The printer never sent back an IPP response
to the IPP request in frame ...
The printer must send an IPP response,
even if we submit wrong/invalid data,
so the root cause is inside the printer.
...
It seems CUPS waits endlessly for an IPP response
Because the CUPS debug log messages don't indicate when and what things are not going on as usually expected, the cause of the issue could not be seen by the end-user admin so he had to submit a "CUPS doesn't work" bug report to get help. Such issues are hard to debug without the particular printer device so one cannot reproduce the issue locally and laborious dissecting of a TCP dump of such a hanging job submission had to be done.

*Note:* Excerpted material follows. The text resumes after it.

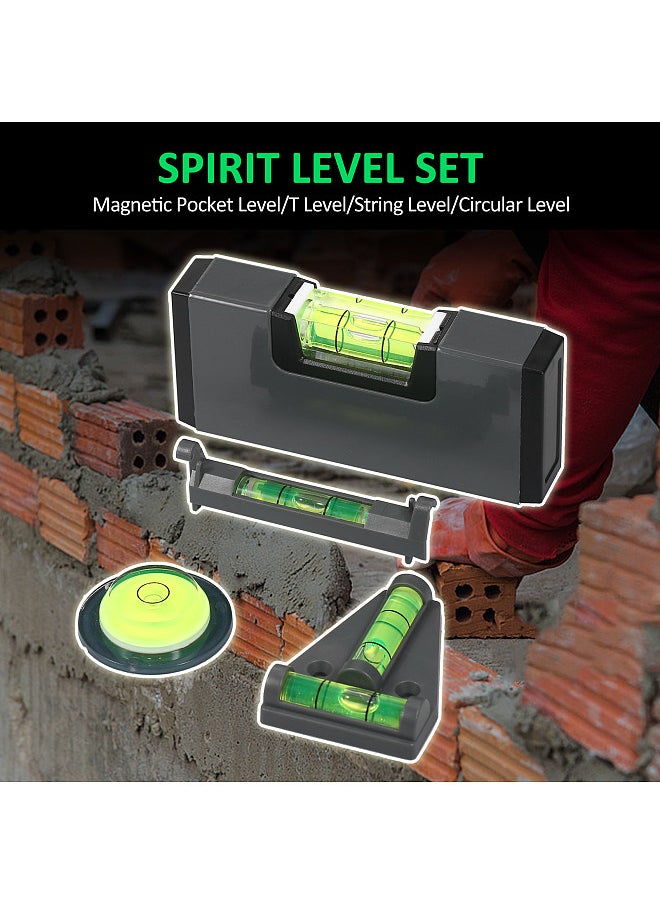 Lepmerk - Mini Level Tool Set 4-In-1 Portable Small Bubble Level Magnetic Pocket Level T Level String Level Circular Level Suitable for Woodworking RV Camper Level Telescope Furniture Tripods Camera - Image 1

This belongs to the above point
- Debug messages are logged showing communication progress
Matching excerpts from that issue:
This is how the CUPS log file looks up to the point where it hangs
D ... Sending file using HTTP/1.1 chunking...
D ... Read 16384 bytes...
D ... Read 16384 bytes...
D ... Read 16384 bytes...
D ... Read 16384 bytes...
D ... Read 12100 bytes...
For comparison how the CUPS log file looks when things work...
D ... Sending file using HTTP/1.1 chunking...
D ... Read 16384 bytes...
D ... Read 16384 bytes...
D ... Read 16384 bytes...
D ... Read 16384 bytes...
D ... Read 12100 bytes...
D ... Print-Job: successful-ok-ignored-or-substituted-attributes ...
D ... Print job accepted - job ID NNN.
There have been no end-user visible (error)-messages when and what things are not going on as usually expected. This belongs to the above point
- Errors are consistently displayed
Matching excerpts from that issue:
... all what would be missing is to make ... waiting ... more verbose
so that the user is continuously informed ... what is going on e.g.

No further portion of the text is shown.